There are several packages that aren't necessary for training. Please remove them if you want.

In [None]:
!__conda_setup="$('/usr/local/miniconda/bin/conda' 'shell.bash' 'hook' 2> /dev/null)" && \
eval "$__conda_setup" && \
unset __conda_setup && \
conda activate base && \
conda install -y pip && \
pip3 install jupyterlab mlflow kaggle slackweb optuna numpy pandas scipy scikit-learn matplotlib seaborn psutil logzero japanize_matplotlib pylint yapf pyarrow pytorch-tabnet google-cloud-bigquery cython ipywidgets numba transformers datasets accelerate pytorch_lightning &&\
pip3 install -U scikit-learn sentencepiece

In [None]:
script="""def run():
    import os
    import math
    import random
    import time

    import numpy as np
    import pandas as pd

    import torch
    import torch.nn as nn
    from torch.utils.data import Dataset
    from torch.utils.data import DataLoader

    from transformers import AdamW
    from transformers import AutoTokenizer
    from transformers import AutoModel
    from transformers import AutoConfig
    from transformers import get_cosine_schedule_with_warmup
    #from adabelief_pytorch import AdaBelief

    from sklearn.model_selection import KFold

    import gc
    gc.enable()

    SEED = 9000#int(time.time()) #random
    #SEED = 11111 #manual
    print("SEED=",SEED) 
    NUM_GPUS=1
    NUM_FOLDS = 15
    NUM_EPOCHS = 4
    BATCH_SIZE = 8
    MAX_LEN = 250
    LR_MIDDLE = 5e-5
    LR_INPUT = 1e-4
    EVAL_SCHEDULE = [(0.50, 16), (0.49, 8), (0.48, 4), (0.47, 2), (-1., 1)]
    WEIGHT_DECAY=0.01#0.00075
    LR_RATE=250
    LR_HEAD = 1e-5
    LR_MIDDLE = 5e-5
    LR_INPUT = 1e-4

    # ROBERTA_PATH = "input/deberta-xlarge"
    # TOKENIZER_PATH = "input/deberta-xlarge"
    # ROBERTA_PATH = "../input/debertalarge"
    # TOKENIZER_PATH = "../input/debertalarge"
    INPUT="../input/"
    OUTPUT="./"
    ROBERTA_PATH = f"{INPUT}/robertalarge"
    TOKENIZER_PATH = f"{INPUT}/robertalarge"
    DEVICE = "cuda" if torch.cuda.is_available() else "cpu"

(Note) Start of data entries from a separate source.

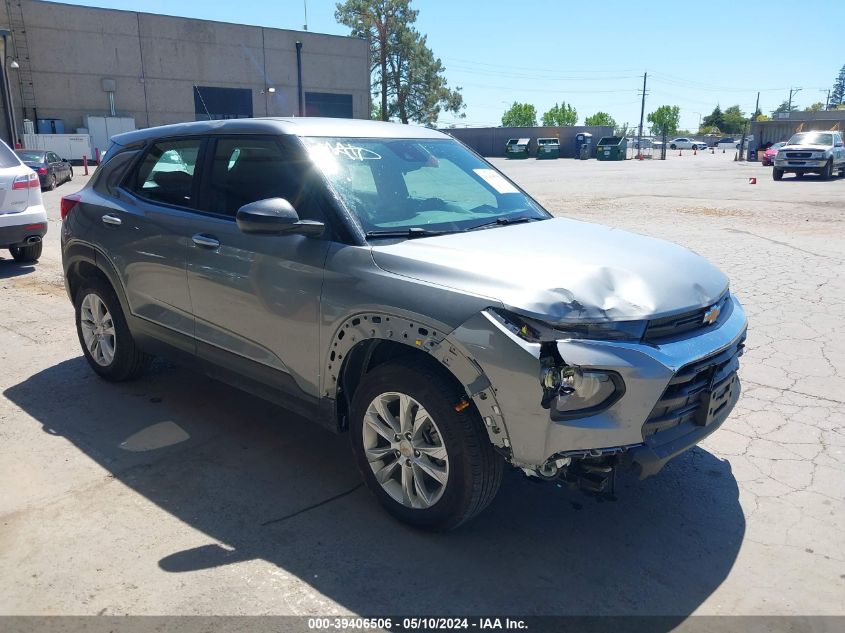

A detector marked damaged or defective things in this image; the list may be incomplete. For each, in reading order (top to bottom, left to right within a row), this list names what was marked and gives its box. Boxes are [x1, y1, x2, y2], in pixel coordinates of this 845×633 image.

exposed wheel well [334, 338, 462, 432]
damaged chevrolet trailblazer [61, 117, 744, 528]
crumpled hood [372, 216, 728, 320]
front end damage [442, 294, 744, 496]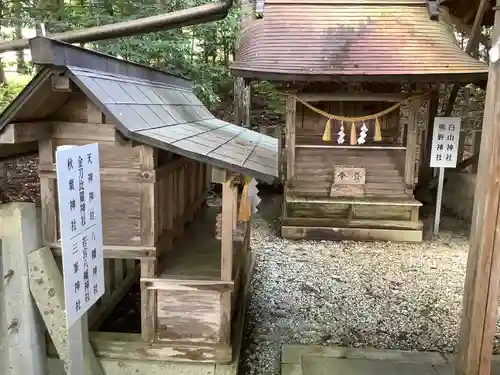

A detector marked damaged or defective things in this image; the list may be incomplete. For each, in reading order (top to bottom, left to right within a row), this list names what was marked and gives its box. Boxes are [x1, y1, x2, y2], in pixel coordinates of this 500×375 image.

rusted metal roof panel [233, 3, 488, 81]
rusted metal roof panel [68, 66, 278, 182]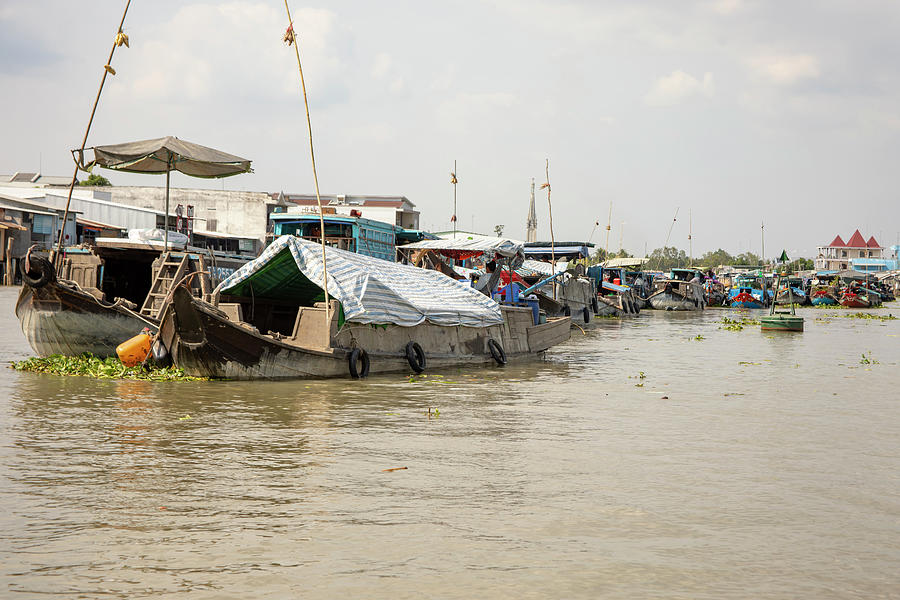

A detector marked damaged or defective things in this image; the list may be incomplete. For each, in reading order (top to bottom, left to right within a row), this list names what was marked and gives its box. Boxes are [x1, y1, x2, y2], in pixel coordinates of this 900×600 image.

rusty metal hull [14, 282, 152, 356]
rusty metal hull [161, 286, 568, 380]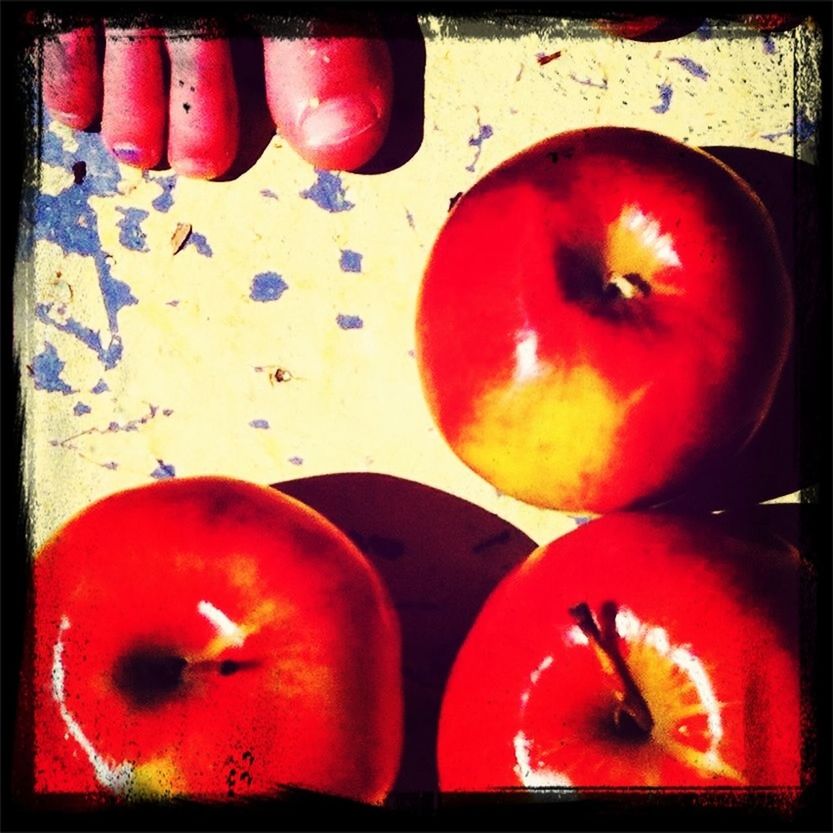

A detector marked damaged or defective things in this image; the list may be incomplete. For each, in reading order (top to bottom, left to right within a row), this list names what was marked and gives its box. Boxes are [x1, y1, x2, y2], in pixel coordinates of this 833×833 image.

blue paint chip [668, 57, 704, 80]
blue paint chip [652, 82, 672, 114]
blue paint chip [150, 174, 178, 213]
blue paint chip [300, 170, 354, 211]
blue paint chip [115, 205, 150, 250]
blue paint chip [185, 229, 213, 255]
blue paint chip [340, 249, 362, 272]
blue paint chip [250, 272, 290, 302]
blue paint chip [336, 314, 362, 330]
blue paint chip [30, 344, 75, 396]
blue paint chip [150, 458, 176, 478]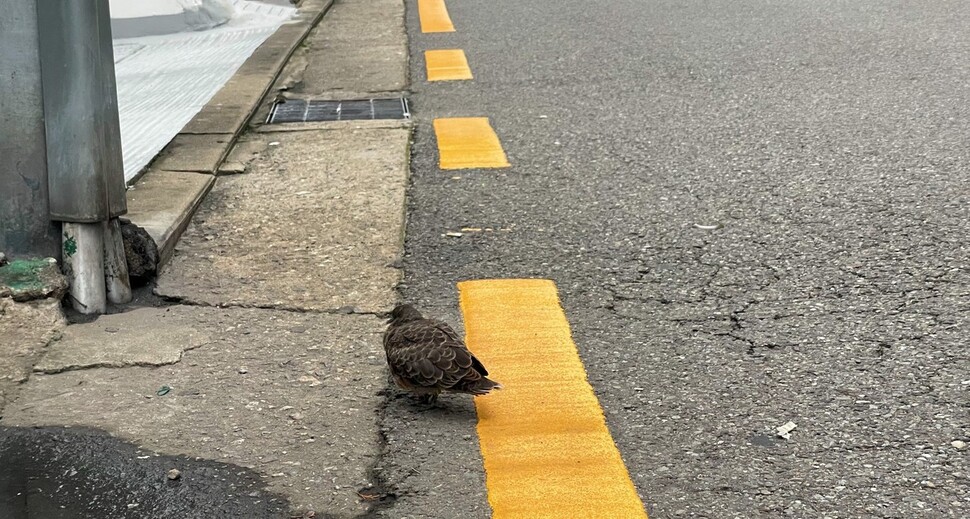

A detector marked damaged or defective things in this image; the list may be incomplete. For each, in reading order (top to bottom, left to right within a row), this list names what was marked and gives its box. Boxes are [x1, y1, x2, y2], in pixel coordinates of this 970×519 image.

    train_df = pd.read_csv(f"{INPUT}/commonlitreadabilityprize/train.csv")

    # Remove incomplete entries if any.
    train_df.drop(train_df[(train_df.target == 0) & (train_df.standard_error == 0)].index,
                  inplace=True)
    train_df.reset_index(drop=True, inplace=True)

    test_df = pd.read_csv(f"{INPUT}/commonlitreadabilityprize/test.csv")
    submission_df = pd.read_csv(f"{INPUT}/commonlitreadabilityprize/sample_submission.csv")
    tokenizer = AutoTokenizer.from_pretrained(TOKENIZER_PATH)


    class LitDataset(Dataset):
        def __init__(self, df, inference_only=False):
            super().__init__()

            self.df = df        
            self.inference_only = inference_only
            self.text = df.excerpt.tolist()
            

            if not self.inference_only:
                self.target = torch.tensor(df.target.values, dtype=torch.float32)        

            self.encoded = tokenizer.batch_encode_plus(
                self.text,
                padding = 'max_length',            
                max_length = MAX_LEN,
                truncation = True,
                return_attention_mask=True
            )        


        def __len__(self):
            return len(self.df)


        def __getitem__(self, index):        
            input_ids = torch.tensor(self.encoded['input_ids'][index])
            attention_mask = torch.tensor(self.encoded['attention_mask'][index])

            if self.inference_only:
                return (input_ids, attention_mask)            
            else:
                target = self.target[index]
                return (input_ids, attention_mask, target)

    import pytorch_lightning as pl

    TARGET_CENTER=train_df["target"].median()
    print(TARGET_CENTER)

    class LitModel(pl.LightningModule):
        def __init__(self):
            super().__init__()

            config = AutoConfig.from_pretrained(ROBERTA_PATH)
            config.update({"output_hidden_states":True, 
                           "hidden_dropout_prob": 0.0,
                           "layer_norm_eps": 1e-7})                       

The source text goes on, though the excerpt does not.